3. Art 86 Abs 2 Verf ST 1992 enthält keinen Gesetzesvorbehalt für die Errichtung einzelner Behörden.
4. Ein Kostenerstattungsanspruch gegen den erstattungspflichtigen Sozialhilfeträger setzt voraus, dass der erstattungsberechtigte Sozialhilfeträger den Interessenwahrungsgrundsatz gem § 111 Abs 1 S 1 BSHG beachtet hat. Dieser verlangt, dass im Rahmen der Leistungserbringung der Nachrang der Sozialhilfe beachtet worden ist.
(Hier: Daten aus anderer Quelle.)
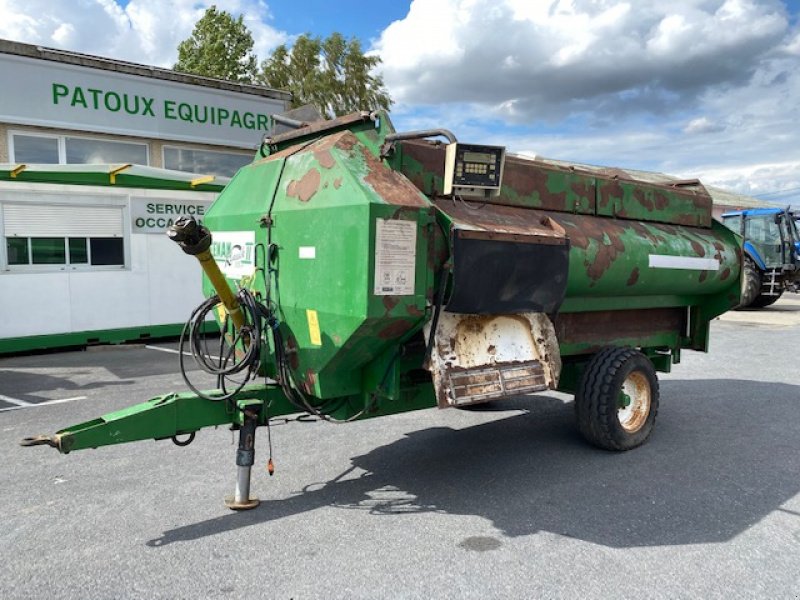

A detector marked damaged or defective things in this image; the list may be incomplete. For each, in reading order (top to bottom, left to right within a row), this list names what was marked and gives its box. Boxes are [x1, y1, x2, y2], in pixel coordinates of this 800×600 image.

rust spot on green paint [286, 169, 320, 204]
rusty wheel rim [620, 370, 648, 432]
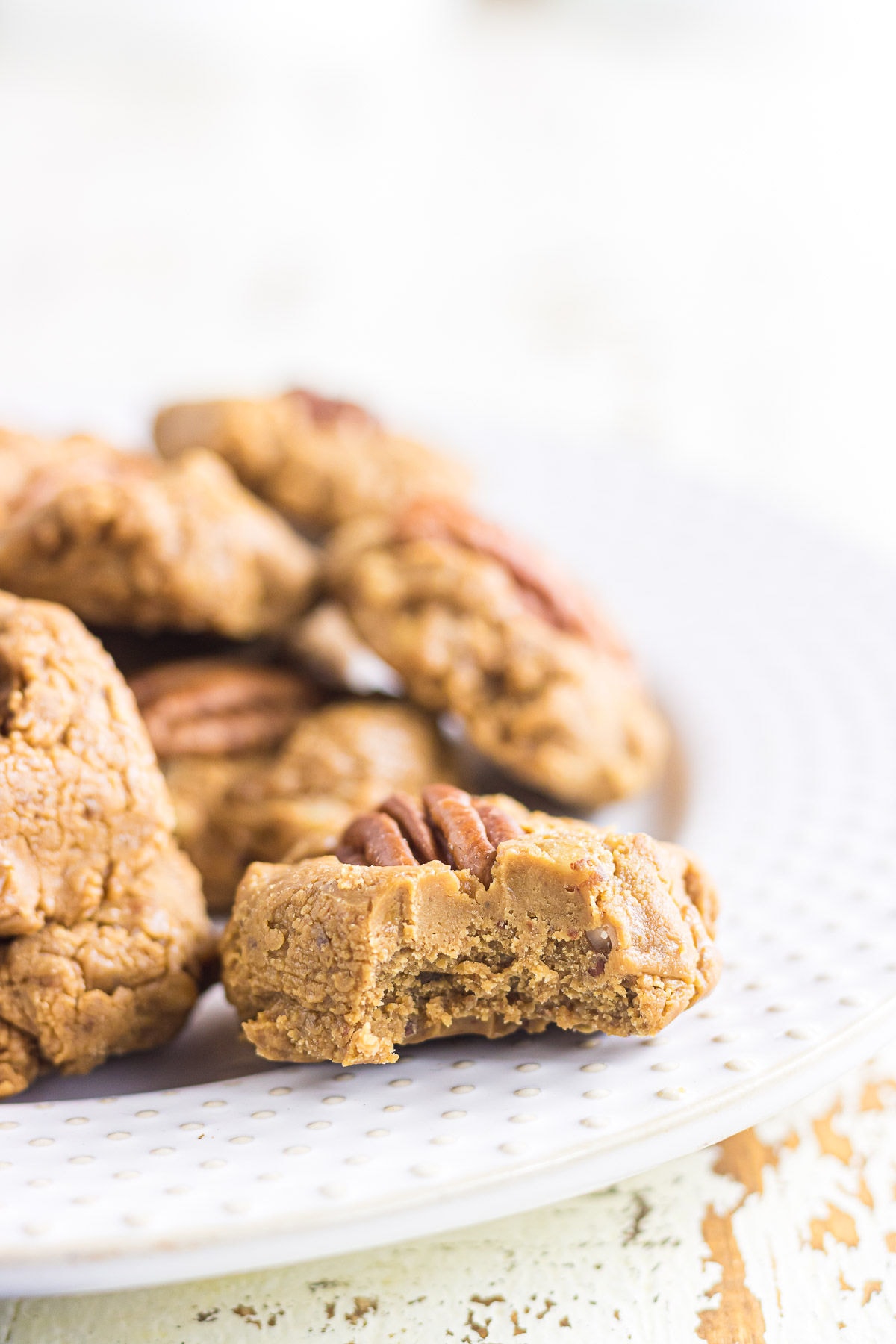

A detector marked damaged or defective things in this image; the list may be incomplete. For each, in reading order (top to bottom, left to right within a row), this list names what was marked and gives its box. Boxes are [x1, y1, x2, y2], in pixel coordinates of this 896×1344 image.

5. Der erstattungsberechtigte Sozialhilfeträger hat alle zumutbaren und möglichen Vorkehrungen zu treffen, um die Kosten möglichst niedrig zu halten. Dazu gehört auch die Prüfung der Durchsetzbarkeit eines Antrags auf Abzweigung des Kindergelds von den Eltern des Hilfebedürftigen nach § 74 EStG.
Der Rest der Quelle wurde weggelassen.